- What you will do -
Using the entries below, restate word for word only the lines from the one with "Honda vtr 1000" to the final line, leaving the pictures out.

━━━ Provided records

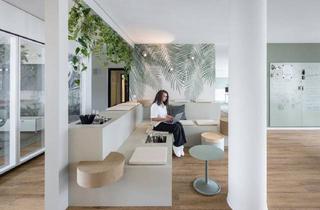 Büro zu mieten in Mainzer Landstraße, 60329 Frankfurt, Designbüro in Bürogemeinschaft in Frankfurt Innenstadt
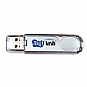 More Info on A-Data 128MB USB2.0 Flash Drive (Clear Acrylic)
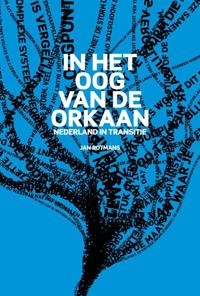 IN HET OOG VAN DE ORKAAN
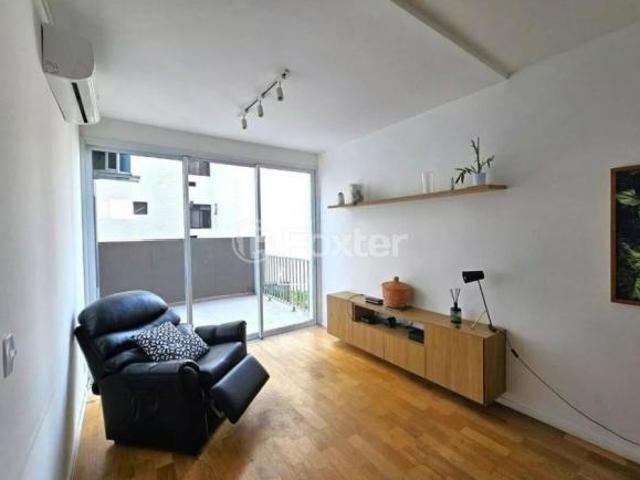 Apartamento Garden, 2 dormitórios, 82 m², em Vila São Francisco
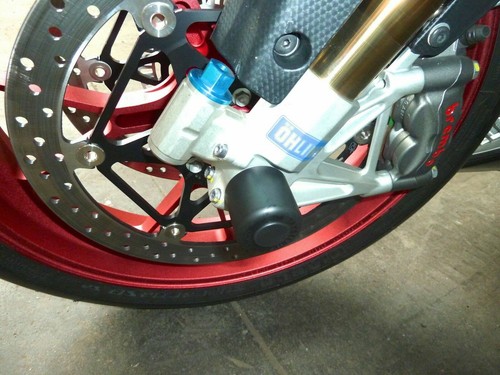 Honda vtr 1000 firestorm - vtr,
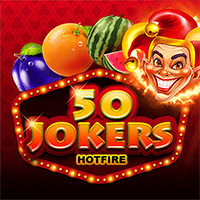 50 Jokers Hotfire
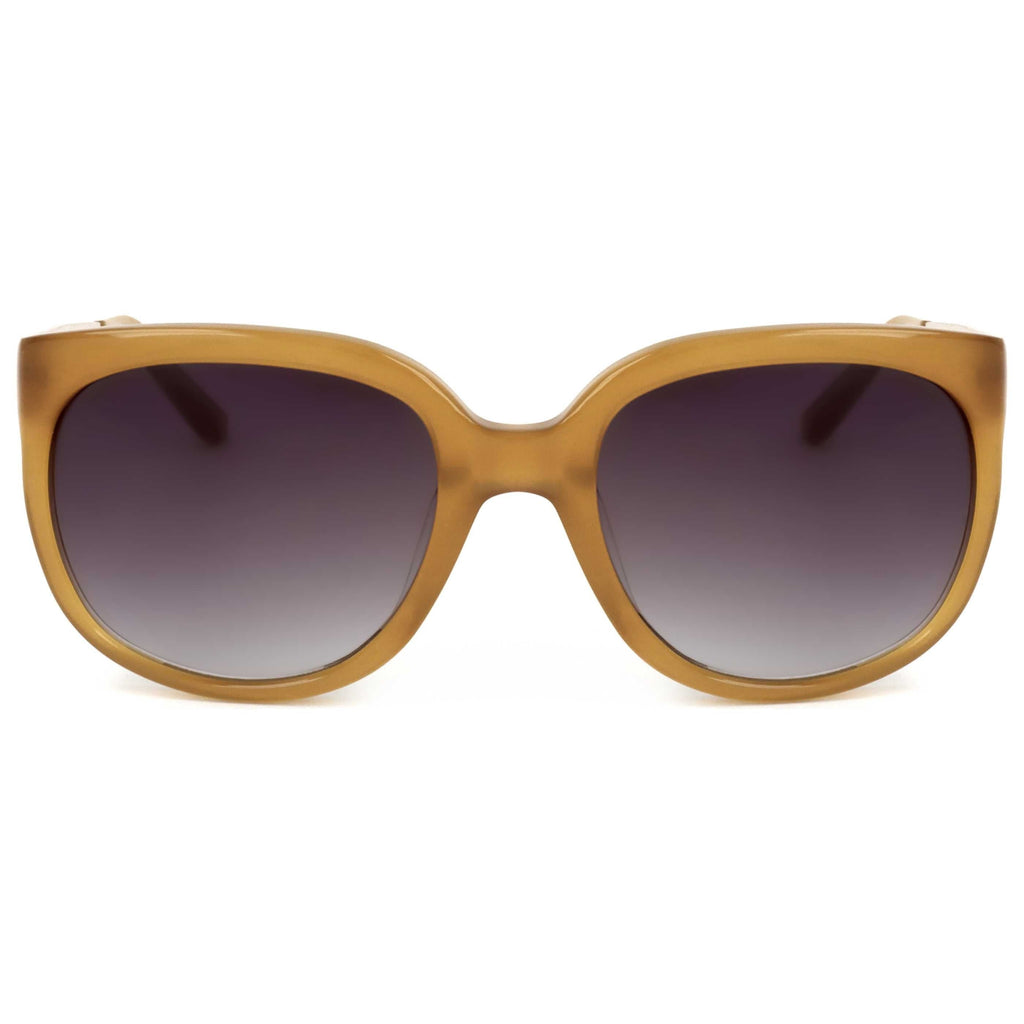 Linda Farrow Women's Sunglasses MW55-C7-54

━━━━━━

- Written solution -
 Honda vtr 1000 firestorm - vtr,
 50 Jokers Hotfire
 Linda Farrow Women's Sunglasses MW55-C7-54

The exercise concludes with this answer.